The methodology draws on established research in information retrieval, position bias, retrieval-augmented generation, and temporal bias in language models.

  • Lewis, P., Perez, E., Piktus, A., Petroni, F., Karpukhin, V., Goyal, N., … Kiela, D. (2020). Retrieval-Augmented Generation for Knowledge-Intensive NLP Tasks. Advances in Neural Information Processing Systems, 33, 9459–9474. arxiv.org/abs/2005.11401 — Foundational paper on RAG systems. Informs the distinction between Perplexity (retrieval-based) and ChatGPT (fixed training data) as opposite ends of the citation spectrum.
  • Joachims, T., Granka, L., Pan, B., Hembrooke, H., & Gay, G. (2005). Accurately Interpreting Clickthrough Data as Implicit Feedback. Proceedings of SIGIR ’05, 154–161. — Seminal evidence for position bias in search results. Justifies the position-weighted scoring model: items presented first receive disproportionately more user attention and influence.
  • Craswell, N., Zoeter, O., Taylor, M., & Ramsey, B. (2008). An Experimental Comparison of Click Position-Bias Models. Proceedings of WSDM ’08, 87–94. — Empirical validation of position bias across different result presentation formats. Supports the 5/3/2/1 weight decay applied in this index.
  • Liu, N. F., Lin, K., Hewitt, J., Paranjape, A., Bevilacqua, M., Petroni, F., & Liang, P. (2023). Lost in the Middle: How Language Models Use Long Contexts. Transactions of the Association for Computational Linguistics, 12, 157–173. arxiv.org/abs/2307.03172 — Documents primacy and recency bias in LLM output generation. Supports elevated weighting for 1st and 2nd position citations in AI-generated lists.
  • Gao, Y., Xiong, Y., Gao, X., Jia, K., Pan, J., Bi, Y., … Wang, H. (2023). Retrieval-Augmented Generation for Large Language Models: A Survey. arXiv preprint arXiv:2312.10997. arxiv.org/abs/2312.10997 — Comprehensive survey of RAG system architectures.
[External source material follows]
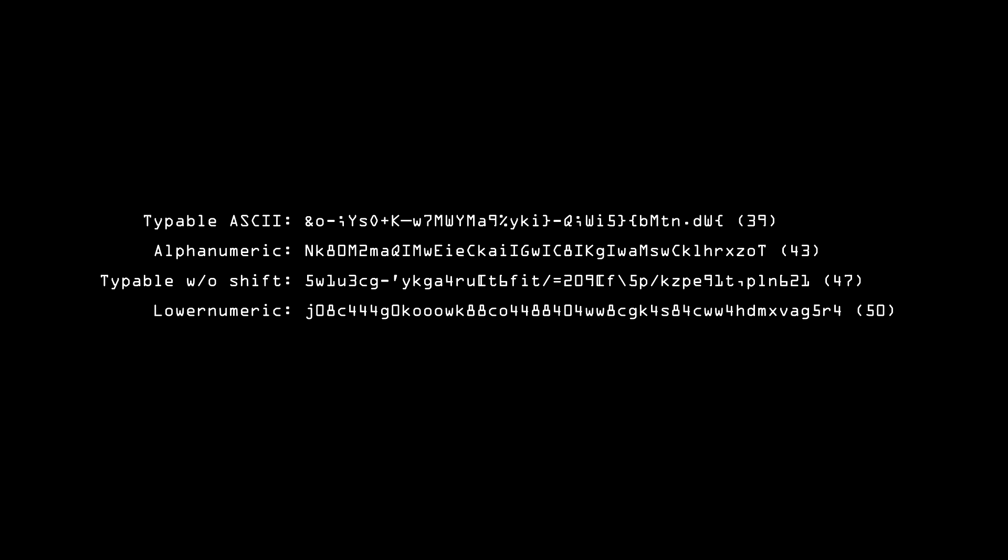But once again, it gets way longer if you just use numbers. It now has to be 77 characters long to fill a 256-bit hash space.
Provides technical context for how Perplexity’s live retrieval produces fundamentally different brand citation behaviour from ChatGPT’s static inference.
  • Metzler, D., Yi, T., Mahmoudi, G., & Najork, M. (2021). Rethinking Search: Making Domain Experts out of Dilettantes. ACM SIGIR Forum, 55(1). arxiv.org/abs/2105.02274 — Early framework for AI-native search and how LLMs change information retrieval. Contextualises why different AI platforms produce structurally different brand citation patterns.
  • Nakano, R., Hilton, J., Balwit, A., Wu, J., Ouyang, L., Kim, C., … Schulman, J. (2021). WebGPT: Browser-assisted Question-Answering with Human Feedback. arXiv preprint arXiv:2112.09332. arxiv.org/abs/2112.09332 — OpenAI’s foundational work on web-grounded LM responses. Background on the technical distinction between training-data citation and retrieval-based citation.
  • Lazaridou, A., Gribovskaya, E., Stokowiec, W., & Grigorev, N. (2022). Internet-Augmented Language Models Through Few-Shot Prompting for Open-Domain Question Answering. arXiv preprint arXiv:2203.05115. arxiv.org/abs/2203.05115 — Demonstrates how internet-augmented LLMs produce different factual outputs from fixed-training models. Supports the index’s central premise that Perplexity and ChatGPT produce structurally different brand citation distributions.

12. Methodology changelog

Every change to the query panel, scoring weights, normalisation method, platform selection, or archetype thresholds is documented here with a version number. Scores from different methodology versions are not directly comparable without explicit adjustment notes in the monthly report.

Version history
March 2026
v1.0
Initial publication. GEO Brand Citation Index Run #1. 3 verticals (SEO & Marketing, CRM & Sales, AI & LLM Tools), 6 queries per vertical, 28 brands, 3 platforms (ChatGPT GPT-4o mini, no browsing, Perplexity default, Gemini 2.5 Flash). Position weights: 5/3/2/1 + URL bonus +2. Normalised 0–100 within vertical per platform. Delta = Perplexity − ChatGPT. Five archetypes: Dominant Brand, AI Memory Brand, Live Search Brand, Fading Brand, GEO Outlier.